The statement said, “Nigeria is the most populous country in Africa, with over 206 million people’ living in 36 states and the Federal Capital Territory. Despite efforts by the government to make basic education free and compulsory within the framework of the 2014 National Policy on Education, at least 10.2 million children at the primary level and 8.1 million children at the junior secondary school (JSS) level are reported to be out-of-school in Nigeria. ’ Most of these children were girls and primary school-aged children from the northern states. In addition, the gender parity index (GPI) in basic education in the North Central, North East, and North West geopolitical zones was 0.89, 0.77 and 0.73, respectively. Studies have indicated that about 50 percent of children attending school were not learning as expected. As such, 63 percent of children in rural areas and 84 percent of children in the lowest economic quintile could not read.

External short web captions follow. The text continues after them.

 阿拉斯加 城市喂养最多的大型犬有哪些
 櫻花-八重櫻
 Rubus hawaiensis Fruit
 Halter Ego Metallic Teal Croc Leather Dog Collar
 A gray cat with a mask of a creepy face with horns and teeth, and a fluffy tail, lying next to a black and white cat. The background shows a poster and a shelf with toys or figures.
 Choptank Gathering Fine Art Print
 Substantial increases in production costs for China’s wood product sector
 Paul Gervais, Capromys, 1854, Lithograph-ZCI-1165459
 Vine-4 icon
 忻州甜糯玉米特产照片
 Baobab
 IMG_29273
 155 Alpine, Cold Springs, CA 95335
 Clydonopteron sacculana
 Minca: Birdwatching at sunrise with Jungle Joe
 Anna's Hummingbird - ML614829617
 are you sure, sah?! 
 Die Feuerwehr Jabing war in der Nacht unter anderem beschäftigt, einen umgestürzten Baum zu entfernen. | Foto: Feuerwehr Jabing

“In response to this situation, UNICEF developed and implemented the Girls’ Education Project Phase 3 (GEP3) from 2012–2022 in partnership with the Government of Nigeria and the Foreign, Commonwealth & Development Office (FCDO) of the United Kingdom. With an investment of GBP79 million (approximately US$109.1 million), GEP3 aimed to improve basic education, increase social and economic opportunities for girls and reduce disparities in learning outcomes between girls and boys in northern Nigeria. The programme focused on addressing the barriers to girls’ education, including sociocultural and gender norms, economic and socio-political contexts and constraints related to local governance, educational material, staff capacity and low financing in the education sector.
“To fulfill UNICEF’s commitment to generate sound evidence on the results achieved for children, a final evaluation was conducted to generate lessons learned and ensure the sustainability of these efforts. This final evaluation presents the findings of the independent evaluation of GEP3 undertaken by the Oversee Advising Group.”